(Note de lecture) "Henri Deluy, Ici et ailleurs : une traversée d’Action poétique", par Pascal Boulanger

Par Florence Trocmé

C’est un montage en mosaïque que nous propose ce livre de et sur Henri Deluy, avec un long entretien mené par Julien Lefort-Favreau, une étude d’Anne-Renée Caillé, des réflexions sur la pratique de la traduction et enfin un choix de poèmes. L’ensemble, qui associe la fille du poète, Saskia Deluy et l’écrivain Liliane Giraudon, met brillamment en perspective une vie consacrée à l’amour de la poésie.
Je me souviens de mon étonnement et de mon accablement quand, au milieu des années 90, je me suis retrouvé devant toutes les archives d’Henri Deluy concernant la revue Action poétique. Je devais rédiger une longue préface à une anthologie* et s’il pouvait sembler paradoxal de présenter l’histoire d’une revue qui n’avait pas encore dit son dernier mot, l’héritage d’Action poétique (qui bouclera son numéro ultime en 2012) était déjà incontournable. Henri Deluy est de ces poètes qui ont tant donné à une revue, tant consacré de temps à la traduction et à la réflexion que leur travail de création court le risque d’être occulté.
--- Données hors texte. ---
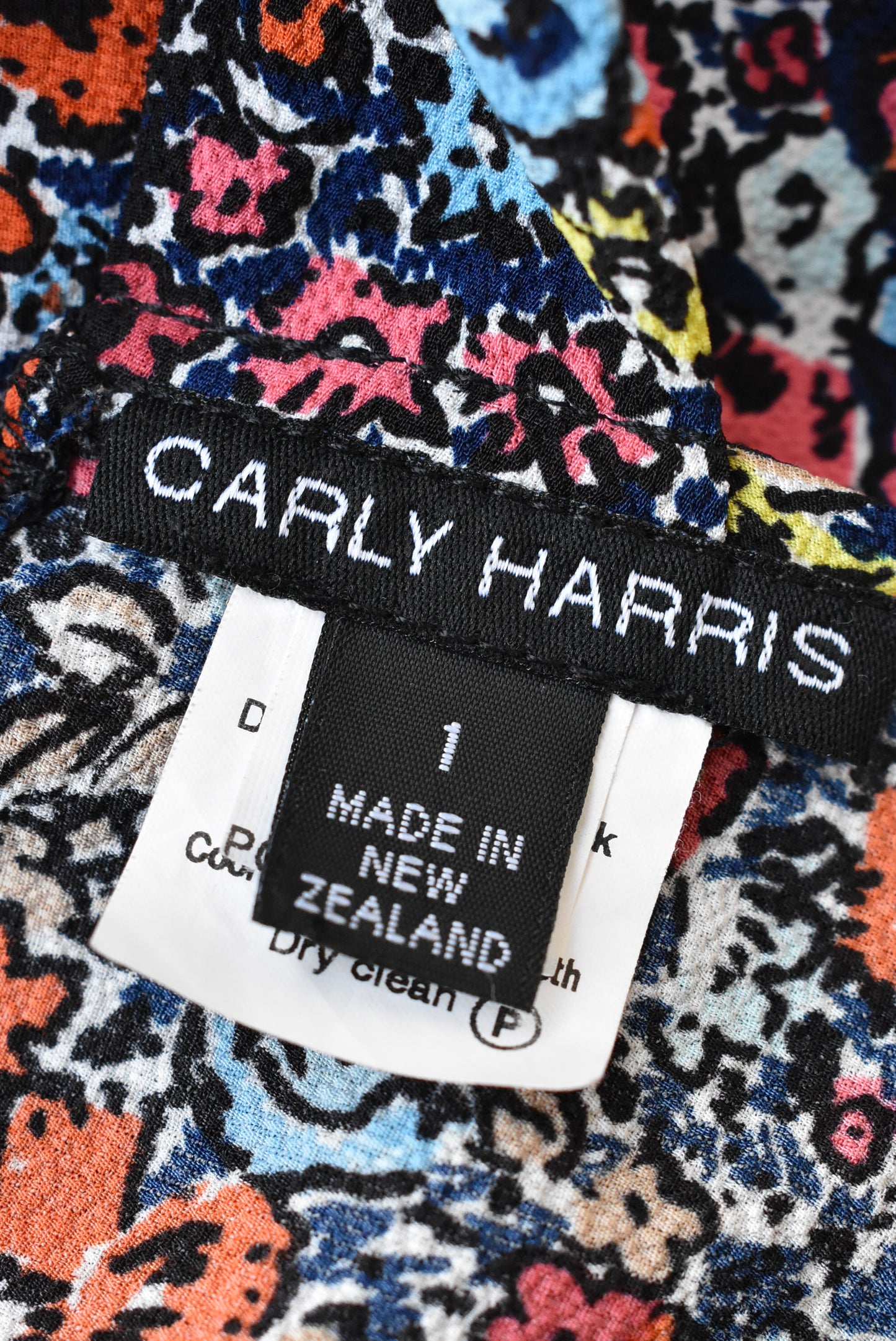 Carly Harris dark blue and orange florals wrap top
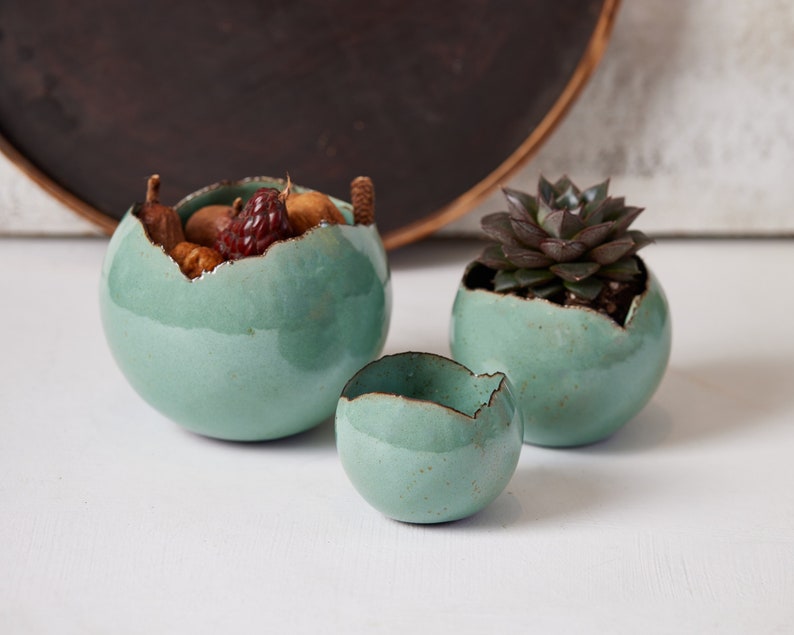 May include: Three teal green ceramic bowls with a crackled finish. The largest bowl is filled with nuts and dried fruit. The smallest bowl is empty. The middle bowl has a small succulent plant inside.
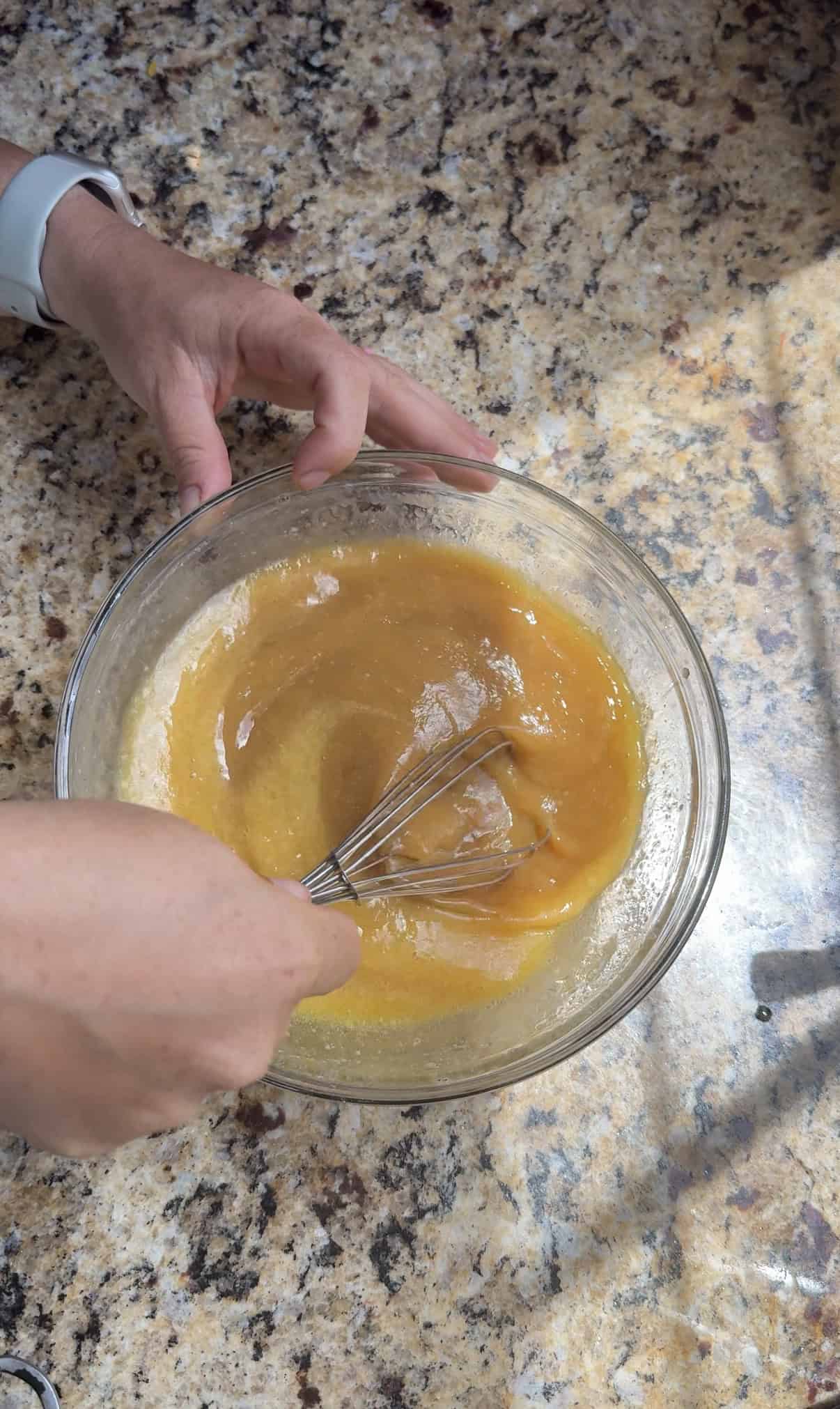 A person whisking a the wet ingredients for zucchini carrot muffins  in a clear glass bowl on a marbled countertop, with sunlight casting shadows across the surface.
Mais qu’on lise ses recueils et on s’apercevra qu’il s’impose comme l’un des poètes les plus importants de sa génération.
Dans l’entretien, Deluy souligne que les premiers numéros de la revue Action poétique s’inscrivaient dans la mémoire événementielle (la guerre d’Algérie notamment). Ils étaient portés par un double mouvement, celui qui témoigne du déterminisme de l’histoire – à travers l’engagement communiste – et celui qui relie – avec des accents surréalistes souvent – l’intime amoureux au poème. Le parcours de cette revue, par ses mutations, parfois brutales, et par ses résultats, ses redéfinitions permanentes vis-à-vis des divers autre pôles constitués (notamment le groupe Tel Quel, de Philippe Sollers et Marcelin Pleynet et aussi la revue Change avec Jean-Pierre Faye et Jacques Roubaud ) a été emblématique de tout ce qui s’est produit dans le champ poétique, de 1945 à 2012. Deluy rappelle que ce sont Jean Malrieu et Gérald Neveu qui ont fondé Action poétique.
Gérald Neveu est la figure qui marque toute l’histoire de la revue, bien qu’il se suicide à Paris à 39 ans (…) Il avait une dizaine d’années de plus que moi, comme Malrieu, et il avait vécu dans le climat de ce qu’on a appelé le surréalisme révolutionnaire.
Quelques autres spécificités ont caractérisé Action poétique : une large ouverture sur la poésie étrangère – aucune revue en France n’a autant publié de traductions – la place accordée aux femmes qui écrivent (Elisabeth Roudinesco, Liliane Giraudon, Martine Broda, Andrée Barret…) et enfin la publication, dans chaque numéro, d’une recette de cuisine !
Sur l’œuvre d’Henri Deluy, Anne-Renée Caillé remarque : Henri Deluy fait partie de ces poètes qui ne sont pas seuls, qui incorporent les paroles de l’autre, exposent leurs influences, leurs communautés, rendent hommage presque autant qu’ils se mettent au centre de leurs pages. Les poèmes de Deluy, qui s’est un jour définit comme un formaliste sentimental, sont ceux de l’acuité du regard. Le vers, chez lui, est souvent serré, ponctué, il commence toujours par une majuscule. La visée est objective mais elle ne s’oppose pas au chant, et singulièrement au chant amoureux. Elle donne d’emblée un plaisir de lecture, une sensation de durée, comme dans ce quatrain de toute beauté, extrait d’un recueil ancien : Le Temps longtemps (Messidor, 1990) :
L’amour charnel vivait entouré
Du ciel pur. L’emplacement
Du cœur était un bruit
Dans le bruit de la mer.
Pascal Boulanger

Henri Deluy, Ici et ailleurs : une traversée d’Action poétique, sous la direction de Julien Lefort-Favreau et Saskia Deluy, Le Temps des Cerises, coll. Action poétique, 2017. 232 p. 13 euros.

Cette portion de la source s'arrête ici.